Because the software was new for everyone, "we chose an implementation path that included a lot of professional services support," Ganesh says. "This allowed us to stage our roll-out on time, with no surprises, and excellent user support. Usability was one of our most heavily weighted selection criteria, and we feel like we hit a home run with RiskVision."
[See more of CSOonline's in-depth case studies in security and operational risk management]
The most challenging aspect of the GRC implementation was security. "Because we have so many business units and a complex hierarchy, the ability to set user permissions at a granular level is very important to us," Walton says. "We utilize a 'least privilege' security model, and it has taken time for us and Agiliance to fully develop this functionality."
Walton thinks two related trends are conspiring to make having a robust GRC strategy and software implementation more of a necessity for many companies.
"First, we seem to be in an era of re-regulation, and every new regulation brings new compliance obligations," he says. "Second, contract and vendor-management processes are being used more frequently to shift the onus of compliance obligations onto vendors."
From a vendor's perspective, sometimes there is a business reason to consider accepting contract provisions from a prospective client that create unusual or incremental risk. "We believe that the better we understand our existing risk profile, the more intelligently we can evaluate nonstandard client terms," Walton says.

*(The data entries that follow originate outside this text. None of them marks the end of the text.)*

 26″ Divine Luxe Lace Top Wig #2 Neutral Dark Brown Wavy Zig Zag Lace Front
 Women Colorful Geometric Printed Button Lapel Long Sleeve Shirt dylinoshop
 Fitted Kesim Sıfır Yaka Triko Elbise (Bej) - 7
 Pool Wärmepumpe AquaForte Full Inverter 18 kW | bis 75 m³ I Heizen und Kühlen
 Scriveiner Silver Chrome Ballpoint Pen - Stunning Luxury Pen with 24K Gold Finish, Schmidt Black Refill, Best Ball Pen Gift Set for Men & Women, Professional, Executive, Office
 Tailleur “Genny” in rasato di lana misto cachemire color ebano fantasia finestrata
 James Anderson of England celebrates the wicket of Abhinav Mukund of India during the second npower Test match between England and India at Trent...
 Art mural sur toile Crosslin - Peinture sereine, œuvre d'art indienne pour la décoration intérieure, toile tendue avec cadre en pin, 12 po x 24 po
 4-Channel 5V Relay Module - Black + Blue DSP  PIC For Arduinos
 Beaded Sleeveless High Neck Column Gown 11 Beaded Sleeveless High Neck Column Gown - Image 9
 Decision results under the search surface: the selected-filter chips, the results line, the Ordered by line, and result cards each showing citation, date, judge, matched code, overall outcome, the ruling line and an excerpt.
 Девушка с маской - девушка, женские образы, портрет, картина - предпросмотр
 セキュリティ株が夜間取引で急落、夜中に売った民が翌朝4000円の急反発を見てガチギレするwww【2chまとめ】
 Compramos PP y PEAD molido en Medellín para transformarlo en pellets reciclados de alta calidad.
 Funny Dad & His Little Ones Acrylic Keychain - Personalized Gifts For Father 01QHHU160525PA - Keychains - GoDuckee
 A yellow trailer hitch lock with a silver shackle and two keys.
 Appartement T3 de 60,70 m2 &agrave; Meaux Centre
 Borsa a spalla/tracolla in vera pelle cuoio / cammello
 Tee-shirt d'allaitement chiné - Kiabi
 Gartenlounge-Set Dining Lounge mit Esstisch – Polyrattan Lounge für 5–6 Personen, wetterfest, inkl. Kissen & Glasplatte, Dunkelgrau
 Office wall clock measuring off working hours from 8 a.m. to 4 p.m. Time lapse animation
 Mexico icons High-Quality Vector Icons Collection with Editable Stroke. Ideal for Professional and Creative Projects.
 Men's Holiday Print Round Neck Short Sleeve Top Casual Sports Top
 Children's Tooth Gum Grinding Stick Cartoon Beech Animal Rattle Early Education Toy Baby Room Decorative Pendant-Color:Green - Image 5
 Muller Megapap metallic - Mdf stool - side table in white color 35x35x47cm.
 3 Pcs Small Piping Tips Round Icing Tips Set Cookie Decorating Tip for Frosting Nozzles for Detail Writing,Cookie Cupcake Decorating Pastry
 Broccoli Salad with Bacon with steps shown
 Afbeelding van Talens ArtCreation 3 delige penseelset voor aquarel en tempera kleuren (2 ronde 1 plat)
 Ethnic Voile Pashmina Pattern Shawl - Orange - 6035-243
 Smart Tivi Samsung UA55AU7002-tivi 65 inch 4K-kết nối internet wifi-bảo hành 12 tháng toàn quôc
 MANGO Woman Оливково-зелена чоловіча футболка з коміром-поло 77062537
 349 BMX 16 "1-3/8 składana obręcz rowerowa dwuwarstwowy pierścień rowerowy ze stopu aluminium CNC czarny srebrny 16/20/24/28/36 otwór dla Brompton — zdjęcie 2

"When we do agree to unusual requests, we also need the capability to monitor our own compliance. This is a huge advantage of our RiskVision implementation. It allows us to accept risks that would be unthinkable if we were flying blind."
Like a number of industry experts, Walton thinks it's important to remember that GRC is a process supported by technology, and companies should avoid focusing only on the software.
"An effective risk-management program is part of an organization's quest for self-awareness," Walton says. "To begin with technology rather than process is to risk letting the tool define the program rather than support it. Before you can decide which tool meets your needs, you need an overarching process that helps assess your business and its assets, vulnerabilities and risk appetite."
Only when a company understands these baseline concepts can it really know how a GRC software solution will fit into its risk-management program.
-- The more decentralized the enterprise, the more complex the GRC implementation will be. Do not underestimate basics such as technical project management and behind-the-scenes network readiness.
-- Your existing risk-management team might fear that adopting GRC software will eliminate their jobs, or change their job functions in ways that take them outside their comfort zones or skill sets. Work with your GRC software provider and its user community to help your team understand the opportunities for professional growth the new system will provide and other potential benefits of the change.
-- Don't try to use every bell and whistle available in your GRC solution on day one. Start small, simple and focused, with a clear idea of the outcome you want. Grow into your system.
-- Think of your GRC system as a flashlight, shining into the dark cupboards of your organization. You will be surprised how much better your risk and compliance fact base and reporting capabilities are immediately after you get your new system up and running. You will also be surprised by how hard it is to determine how to most effectively use the increased insight to improve risk management in your organization.